Given the limited research on this topic, this qualitative study explores means of employing Critical Pedagogical ethos and practices through a collaboratively designed curriculum that attempts to nurture their awareness, accountability, and efficacy. Utilizing interviews, photo elicitation tasks, ethnographic observations and teacher reflections, this study investigates the processes, pushback, and transformations of nine economically privileged high school students in two international schools in Cairo, as their teachers implement a curriculum on the intersection between social class and education in Egypt.

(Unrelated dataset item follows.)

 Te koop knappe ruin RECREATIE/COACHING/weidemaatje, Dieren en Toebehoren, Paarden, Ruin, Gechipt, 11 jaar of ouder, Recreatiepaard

Findings suggest that students went through transformations in their awareness of the other, their structural awareness, and imaginaries of action. However, their sense of accountability and recognition of the intertwine between their own positionalities and economic inequality, served as an obstacle against cultivating an analysis of systemic class oppression, causing a state of dissonance.
Moreover, teachers’ findings demonstrate a tension between strong content knowledge and real-life interaction due to administrative constraints, and push for rethinking the potential of a critical curriculum by teachers who don’t identify as critical. The findings suggest using the international school as a microcosm of oppressive class dynamics, to help interrogate the self in relation to the other and the structural (both locally and globally), as well as a space to imagine and implementaction. It also has implications on how critical subject matter can be developed to help teachers address class inequality.